25Les définitions qui figurent en vis-à-vis de chaque terme sont empruntées en partie à des encyclopédies chinoises, tandis que pour les termes vernaculaires et les lectures japonaises des caractères chinois, l’auteur se réfère à différents dictionnaires et lexiques qui étaient en usage depuis des siècles au Japon : le Shinsen jikyô 新 撰字鏡 (circa 898-901), le Wamyô ruiju-shô 和名類聚抄 (circa 931-938), l’Ainô-shô 土蓋囊鈔 (1446), le Kagaku-shû 下学集(1444) et le Setsuyô-shû 節用集 (fin xve s.). Certains de ces dictionnaires – en particulier le Wamyô ruiju-shô – avaient pour caractéristique de présenter un classement thématique proche de celui adopté par le Kinmô zui.
26Le Kinmô zui relève donc essentiellement d’un travail de compilation de multiples sources lexicographiques, mais sa grande nouveauté, et la clé de son succès, résident dans la mise en relation systématique des termes qui constituent le vocabulaire de base et leur représentation graphique. Cet ouvrage comporte environ mille cinq cents entrées et réunit un vocabulaire de quelque cinq mille mots : pour chaque caractère sont donnés en effet une lecture à la chinoise et généralement une lecture japonaise, ainsi qu’un ou plusieurs mots dérivés ou connexes. Ainsi à l’entrée sho 書 (livre) trouve-t-on d’abord la lecture japonaise fumi, puis un terme générique synonyme du premier, hon 本, puis des termes spécifiques comme kanjiku 巻軸 (rouleau) et son équivalent japonais makibumi, ôkan 横卷 (rouleau horizontal), qui est donné comme un synonyme du précédent, et enfin sakushi 冊子 (livre broché), auquel correspond le terme japonais tojifumi. Pour une seule entrée, pas moins de huit termes sont ainsi proposés, selon le principe du rapprochement lexical. L’illustration elle-même montre trois formes de livres : le volumen, le codex et le livre rangé dans un étui (fig. 45).
27Bien que destiné aux enfants, le Kinmô zui dépasse donc largement le niveau des connaissances élémentaires. Au fil des éditions, la nature des entrées varia relativement peu, hormis des ajouts (environ 20 %18), dont un chapitre supplémentaire de cinquante-deux entrées sur les divinités et les patriarches du bouddhisme en 1695, qui est probablement à mettre en relation avec la publication en 1690 du Butsuzô zui 仏像図某 (Répertoire des effigies bouddhiques), un célèbre catalogue illustré du panthéon bouddhique.
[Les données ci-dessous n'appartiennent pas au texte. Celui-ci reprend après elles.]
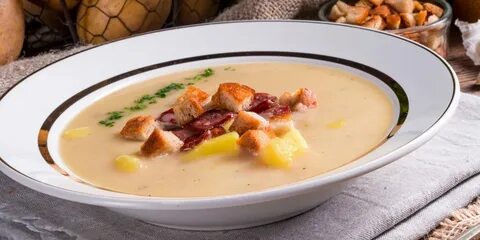 Суп с грибами и беконом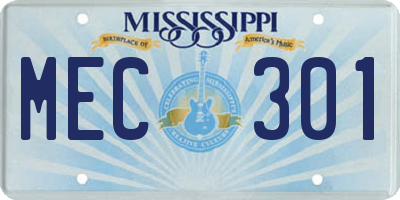 MS license plate MEC301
28Il est intéressant de remarquer que ce chiffre de mille cinq cents caractères principaux n’est pas très éloigné de celui des caractères d’usage courant définis pour l’enseignement après la Seconde Guerre mondiale par le ministère de l’Éducation (liste de mille huit cent cinquante « caractères pour l’usage présent » ou tôyô kanji établie en 1946), même si leur nature est évidemment en partie différente. En effet, dans l’édition de 1666 du Kinmô zui, environ 45 % des entrées (668) sont consacrées aux animaux et aux plantes, ce qui en fait la plus ancienne encyclopédie japonaise sur la faune et la flore.
29Au fil des éditions, la mise en page et les légendes du Kinmô zui furent largement modifiées en fonction des objectifs poursuivis et de l’évolution de l’état des connaissances. La première édition présente deux dessins par page, d’un style assez rudimentaire, encore empreint de l’influence des illustrations chinoises. Chaque entrée est indiquée à l’aide d’un caractère chinois de grande taille et de graphie régulière, accompagné de ses lectures et parfois d’un bref commentaire en chinois, ce qui en fait un véritable dictionnaire thématique qui pouvait être utilisé pour l’étude des sinogrammes eux-mêmes. Le nombre d’images va passer ensuite à quatre (édition de 1668), puis à six (édition de 1695) par page. Les légendes seront entièrement révisées et rédigées en japonais et non plus en chinois à partir de l’édition de 1695. Ces modifications de mise en page et ces changements de contenu et de registre de langue ont pour but, précise la postface de cette édition, de rendre l’ouvrage d’un usage plus pratique pour les enfants. À titre d’exemple, l’entrée sur le « peintre », qui se limitait à donner une lecture (gakô) et deux synonymes (eshi, gashî) dans l’édition de 1666, prend la forme d’une brève anecdote morale propre à être racontée aux enfants, dont l’origine remonte au Livre des Han postérieurs (Hou Hanshu) :
« Le peintre se dit gakô ou eshi. Il existe aujourd’hui l’école Kanô. En Chine, il était un peintre du nom de Mô Enju [Mao Yanshou], qui avait représenté disgracieusement la concubine impériale Shôkun [Shaojun], aussi celle-ci fut-elle offerte comme épouse au chef du pays barbare des Huns. »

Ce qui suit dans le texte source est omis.